EXERCISE
Every line of the listing must be reproduced as it stands. Leave the images behind.

DATA SHOWN
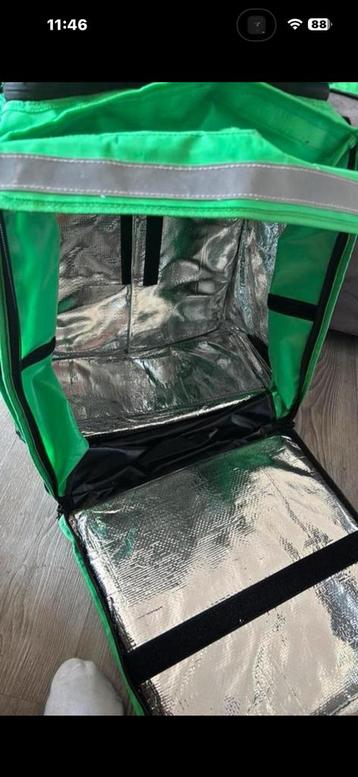 Uber eats tas beschikbaar voor biedingen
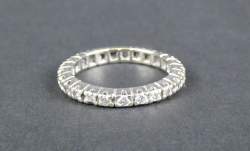 Bijou: Bague/alliance américaine en or jaune et blanc 18K sertie de 25 diamants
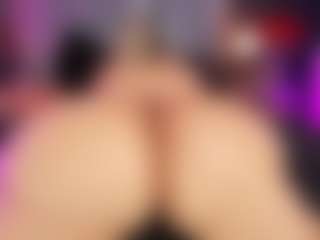 Live cam show with ATINXNAUGTHY - Shaved Pussy MILF on Sweet Sext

SOLUTION
 Uber eats tas beschikbaar voor biedingen
 Bijou: Bague/alliance américaine en or jaune et blanc 18K sertie de 25 diamants
 Live cam show with ATINXNAUGTHY - Shaved Pussy MILF on Sweet Sext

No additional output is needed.